Kardeş ilişkilerinde gerçekçi bir düşüncede olmalıyız ve iki egonun bir paylaşım yapmasını beklerken elbette ki rekabet duygusu kaçınılmaz olacaktır. Çocukları kardeşleri arasında kıyaslamak rekabet duygusunu körüklediği gibi kıskançlığı da ateşlendirebilir. Ebeveynler bu konuda gerekli liderliği sağlamayı başardıklarında tatlı bir rekabet içinde, adil, paylaşmayı bilen çocuklara sahip olacaklardır.
Çocuklar için huzurlu ortamı oluşturun ve onların daha çok ne zamanlarda kavga ettiklerine dikkat etmeye çalışın.

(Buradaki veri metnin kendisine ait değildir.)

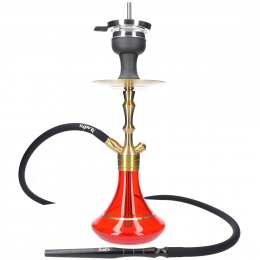 Chicha Mvp 360 Gold Edition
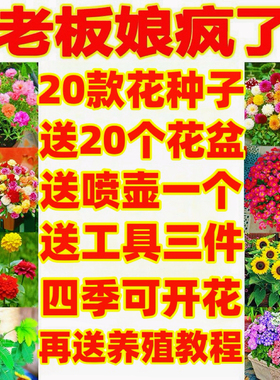花种籽子四季播种凤仙花向日葵种孑开花易活室内外盆栽太阳花种子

Ve kavga etmelerinin sebeplerinin altındaki gerçek sebebi bulup ortadan kaldırmaya çalışın. Onların arasında asla hakem görevi üstlenmeyin. Bu rol sizinle olan ilişkilerini yıpratacağı gibi birbirleri arasındaki ilişkiyi de bozabilir. Eğer kavganın olduğu ortamı terk edebiliyorsanız odadan çıkın ve onları kendi sorunlarını aralarında halletmeleri için onlara fırsat bırakın.
Durumun çok kötüye gittiğini ve zarar vermenin başlayacağını görmeden müdahalede bulunmayın. Onların bu sorunu aralarında halledebileceklerine dair olumlu bildirimlerde bulunun. Aralarındaki problemin ne olduğunu siz hemen fark edebilirsiniz fakat bunu onlara söylemeyin bırakın kendileri bulsunlar. Sadece yaşına göre küçük ipuçları verebilirsiniz ya da daha küçük yaşlardaki çocuklar için taklit edebilecekleri diyaloglardan faydalanabilirsiniz.
Çocukların her durumda birbirlerini size şikayet etmelerini engelleyin. Eğer sorunları zarar verici bir boyutta değilse size gelmeden kendi aralarında halletmeleri gerektiğini söyleyin. Bunun yanında birbirleriyle iyi geçindiklerini gördüğünüz durumlarda da onları tebrik edin, olumlu cümlelerle yaptıklarının ne kadar güzel olduğunu fark etmelerini sağlayın. Kardeşlerin birbiri için yaptığı ufak şeyleri övün. Çocuklar arasında hep iyiyi görüp sevgiyi artıracak yorumlarda bulunun.
Eğer bu konuda zorlanıyorsanız bir uzmandan yardım alabilirsiniz.